Etablir un budget.Rien n’est figé au niveau budgétaire jusqu’à l’établissement de la liste des tableaux, environ un an et demi avant le début de l’exposition”, raconte Anne- Françoise Lemaître, directrice du développement et de la communication. “Ce qui coûte le plus, c’est le transport des oeuvres et leur assurance, plus élevée si l’oeuvre est célèbre. Vient ensuite l’aménagement muséographique : il est très important puisqu’il est le système de compréhension de l’exposition. Arrivent enfin le coût du catalogue – entre 50 000 et 70 000 € (80 000 € pour celui de Boilly) – et la communication, qui est souvent le seul poste que l’on peut réduire”, détaille Alain Tapié, sans oublier le coût des audioguides en deux langues.

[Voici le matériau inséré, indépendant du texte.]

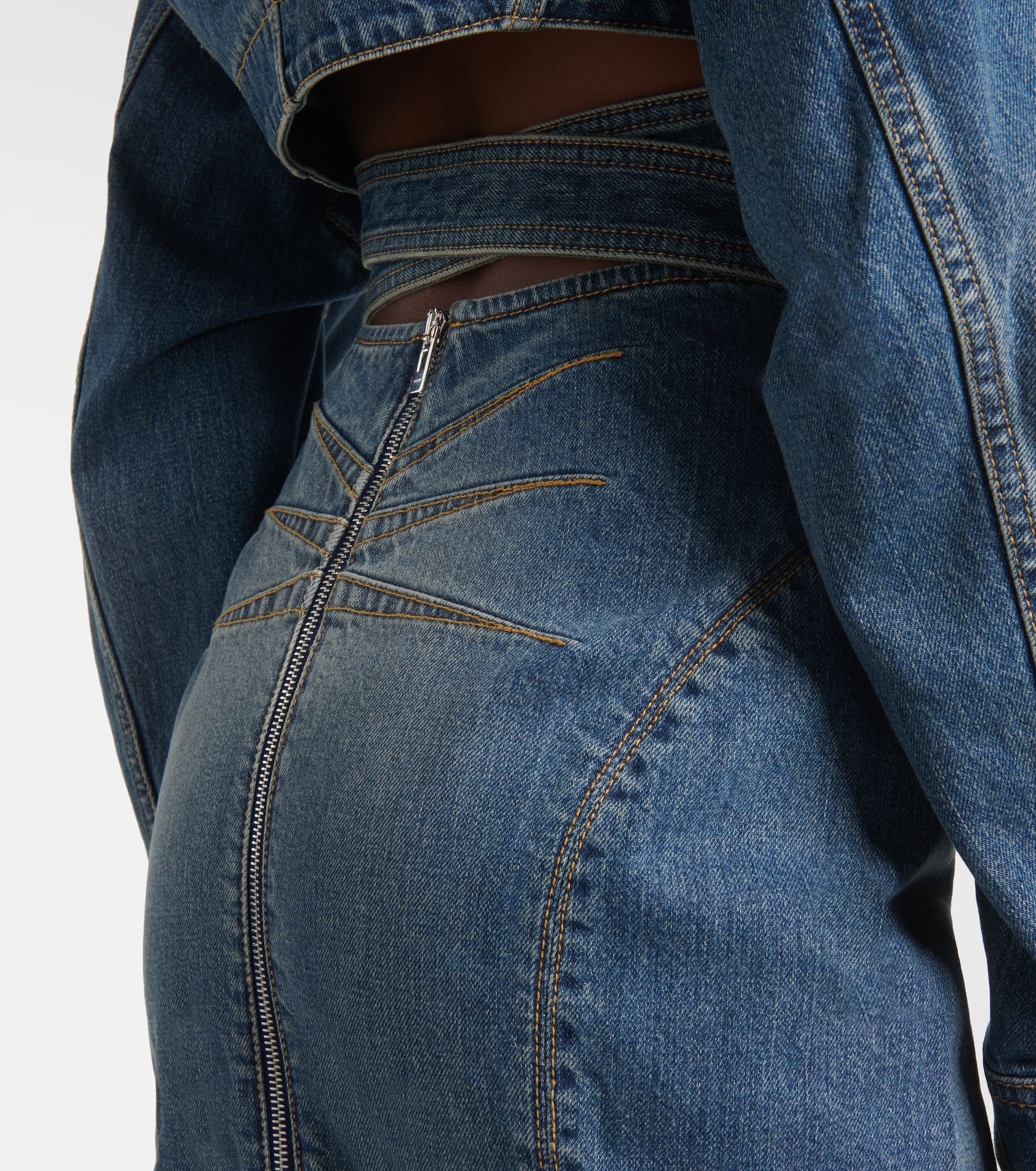 Denim pencil skirt - 5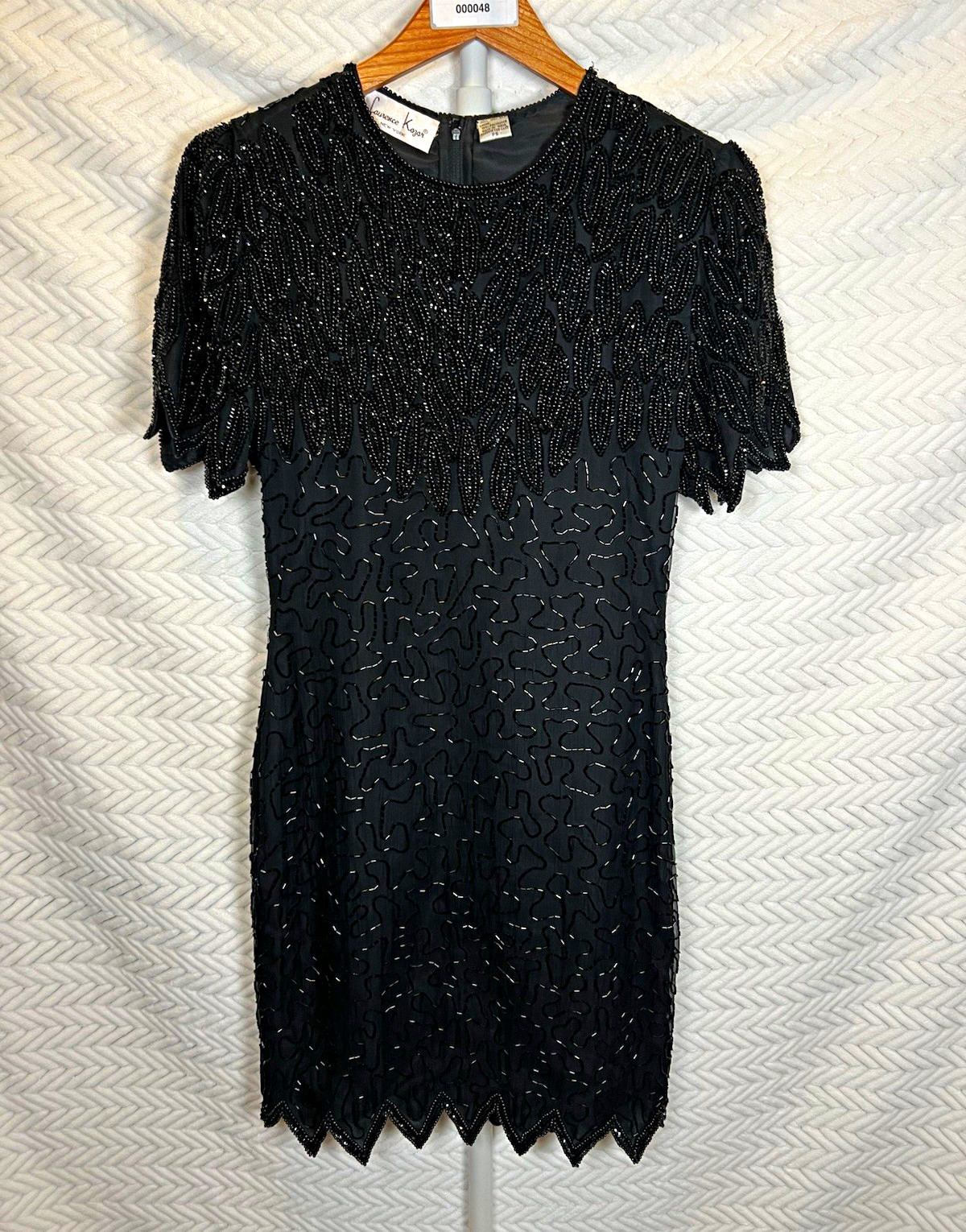 Vintage Laurence Kazar Black Beaded Silk Cocktail Dress Women’s PS Petite Small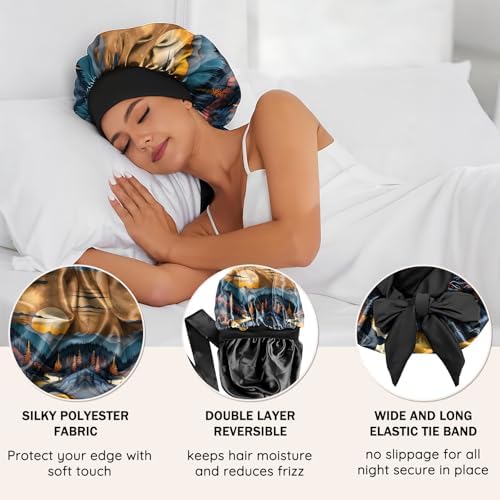 Satin Hair Braid Bonnet for Sleeping Double Layer Elastic Wide Soft Tie Band Hair Silk Lined Sleep Cap Women Girls - Image 3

Pour Boilly, le total s’élève à 1 M€.

Une fois ce budget prévisionnel établi et validé par la Ville de Lille, il s’agit ensuite de le concrétiser. Les pouvoirs publics locaux, régionaux et même nationaux y participent à hauteur différente : 200 000 € pour la Ville de Lille, 50 000 € pour LMCU (pour de toutes nouvelles actions hors les murs sur le territoire des Weppes, où est né Boilly), 30 000 € du ministère de la Culture et de la Communication pour le “Label d’intérêt national” donné à l’exposition, 12 500 € de la Région.

Pour se rapprocher du compte, le mécénat est une autre source très importante de financement. C’est l’affaire d’Anne-Françoise Lemaître. “Nous limitons volontairement les grands mécènes au nombre de quatre, sans doublon d’activité.” Pour Boilly, le Crédit du Nord est mécène principal (et historique). Il est accompagné d’Eiffage, de Grand Thorton et de l’étude généalogique Masson. Si le dernier est lillois, les deux autres sont parisiens et nouveaux partenaires arrivés par eux-mêmes au musée, “avec une volonté de décentralisation et de fidélisation” souligne la directrice du développement et de la communication en ajoutant que le Crédit du Nord a mis le montant de deux années de mécénat pour cette exposition. Au total, 150 000 € ont pu être récoltés grâce au mécénat. Une manne indispensable pour les musées aujourd’hui, sans laquelle toute exposition est impossible, aux dires d’Alain Tapié. S’y ajoute le partenariat qualifié de “très impliqué” de la société d’agents de change Dubus qui a participé aux coûts du catalogue. Sans oublier la participation financière des Amis du musée pour les audioguides en deux langues, une nouveauté lancée pour “Portraits de la Pensée” qui a beaucoup plu et qui sera réalisée aussi pour les collections permanentes du musée en trois langues. Le budget prévisionnel estime aussi les gains de la billetterie espérés à plus de 400 000 € (soit 80 000 entrées, visites guidées comprises, comme pour la rétrospective Champaigne) pour pouvoir rentrer dans les comptes. Le budget est donc équilibré. Reste à le boucler, avec le succès attendu de l’exposition.